*Instructions for the task*:
Below is a listing to copy exactly; no image goes into the copy.

*Source data*:
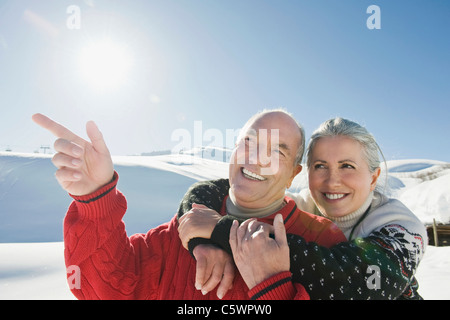 Italien, Südtirol, Seiseralm, Senior paar in Winterlandschaft, Mann zeigen, Porträt, Nahaufnahme Stockfoto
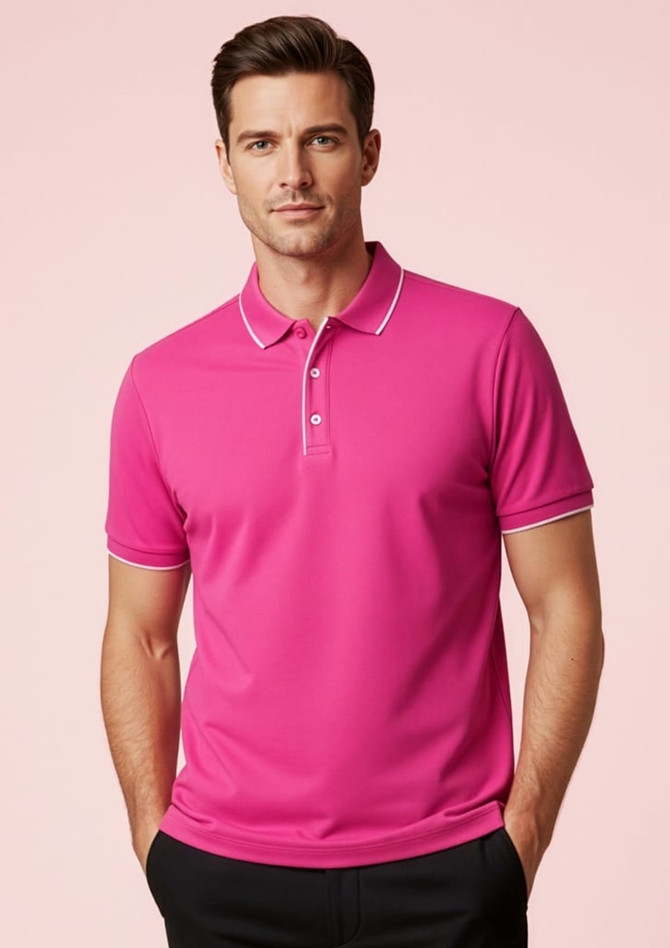 A pink short sleeve polo shirt with contrasting trim and a logo. Styled on a model against a pink background.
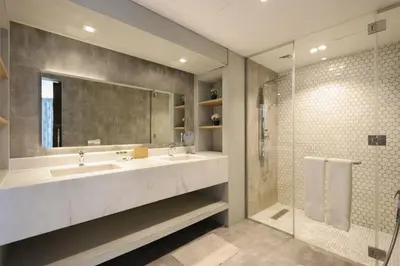 a bathroom with two sinks and a shower at Livbnb - Contemporary Suite with Private Plunge Pool in Dubai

*Written response*:
 Italien, Südtirol, Seiseralm, Senior paar in Winterlandschaft, Mann zeigen, Porträt, Nahaufnahme Stockfoto
 A pink short sleeve polo shirt with contrasting trim and a logo. Styled on a model against a pink background.
 a bathroom with two sinks and a shower at Livbnb - Contemporary Suite with Private Plunge Pool in Dubai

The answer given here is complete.